Steven G. Miller, the company's Chairman, President and Chief Executive Officer, said “We want to thank Chuck Kirk for his many years of dedicated service as our CFO. We look forward to continuing to work with Chuck and believe that our company will continue to benefit from his considerable retail expertise and experience. At the same time, we believe that it is in the best interests of the company and its stockholders that we engage a new CFO who is a certified public accountant and who possesses more financial accounting and public reporting expertise. We continue to work diligently to complete the restatement process as quickly as possible.”

The company does not expect that the change in Mr. Kirk's role will cause any additional delay in the completion of its previously announced restatement or the filing of its Annual Report on Form 10-K for fiscal 2004 and Quarterly Reports on Form 10-Q for the first and second quarters of fiscal 2005. Additionally, as the company announced on July 29, 2005, additional corrections to its prior financial statements will be required as part of the restatement. The expected cumulative net impact on the company's net income of all additional corrections that the company is aware of at this time, as well as the adjustments relating to the previously announced lease accounting changes and sales return reserve, for fiscal years 2002 through 2004 remains less than 3% of aggregate net income as preliminarily reported on February 9, 2005 for such fiscal year periods, which reflected the preliminary adjustments to address the previously announced error in an account within accounts payable. As also stated in the July 29, 2005 announcement, these matters will reduce net income for prior periods, which the company anticipates will be reflected in a balance sheet adjustment for fiscal 2002.

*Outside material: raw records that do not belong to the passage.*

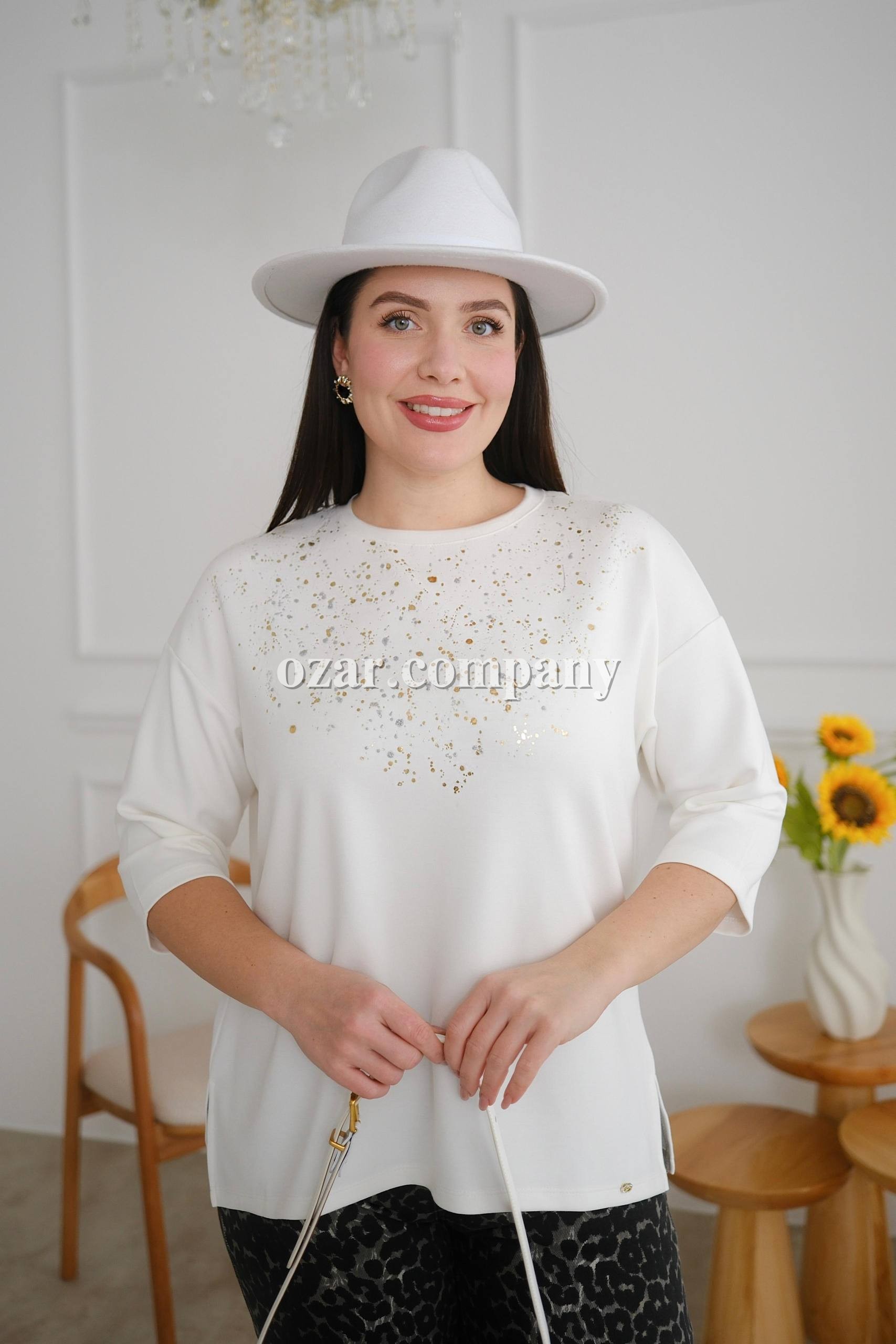 Женская Футболка Trikotto (Большие размеры)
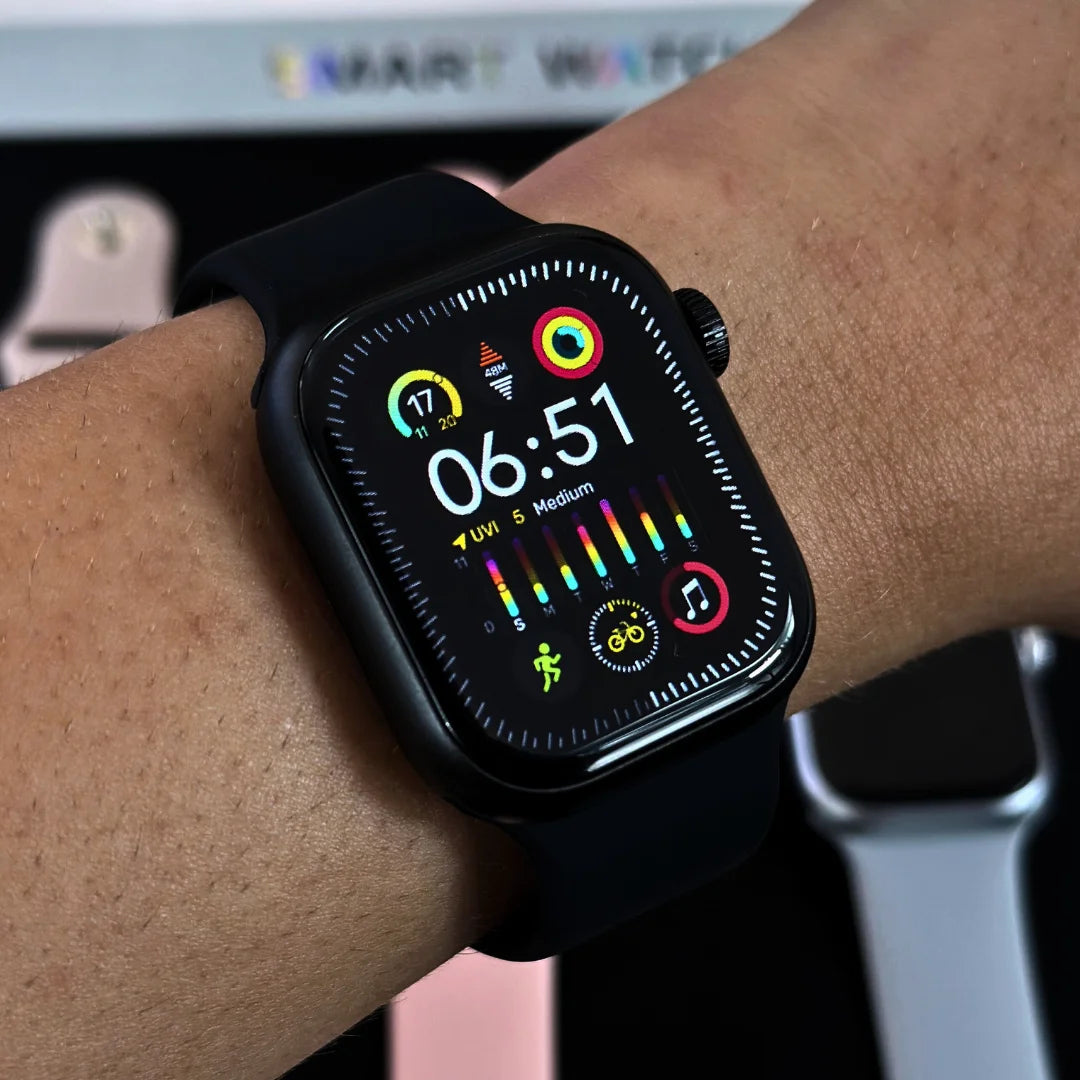 Mini 41mm Preto - AMOLED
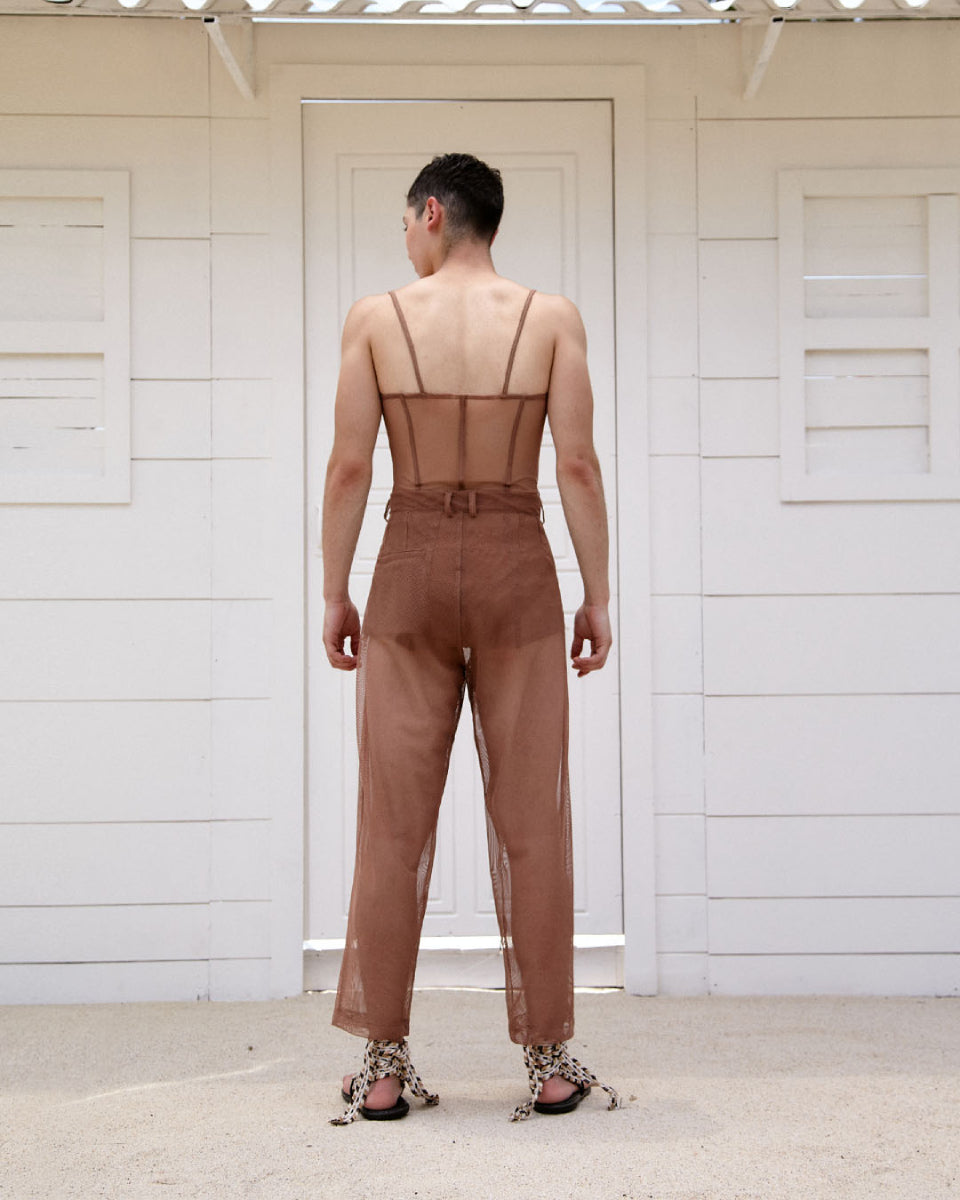 Fish Net Pants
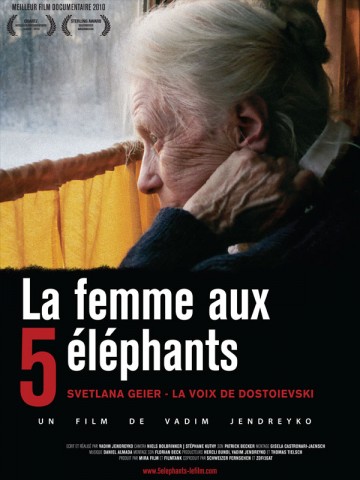 Affiche La femme aux 5 éléphants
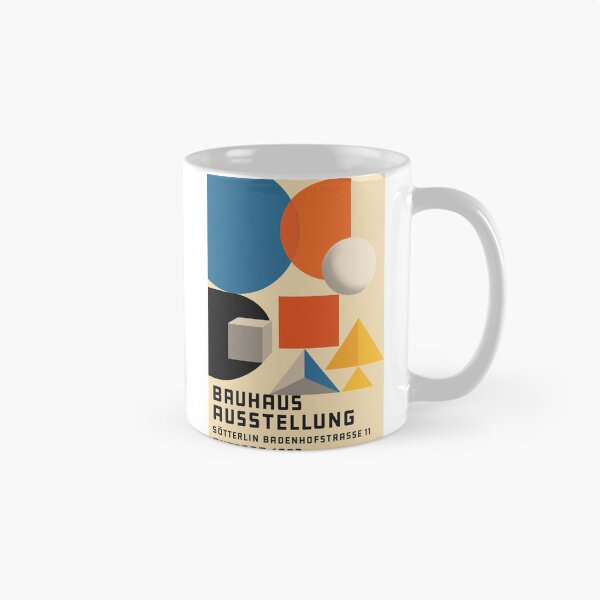 Item preview, BAUHAUS AUSSTELLUNG 1923 POSTER – Iconic Geometric Design designed and sold by StuckOn-Detroit.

The company is continuing to work diligently to complete the review process in connection with the restatement so that its fiscal 2004 financial statements and the associated audit by KPMG LLP may be completed in order to permit the filing of the company's Annual Report for fiscal 2004 and Quarterly Reports for the first two quarters of fiscal 2005. If the company is unable to file the Annual Report for fiscal 2004 and the Quarterly Report for the first quarter of fiscal 2005 by the August 12, 2005 extension date given it by the NASDAQ Listing Qualifications Panel, it will request a further extension, but such an extension may not be granted, in which case its common stock could be delisted from the NASDAQ National Market.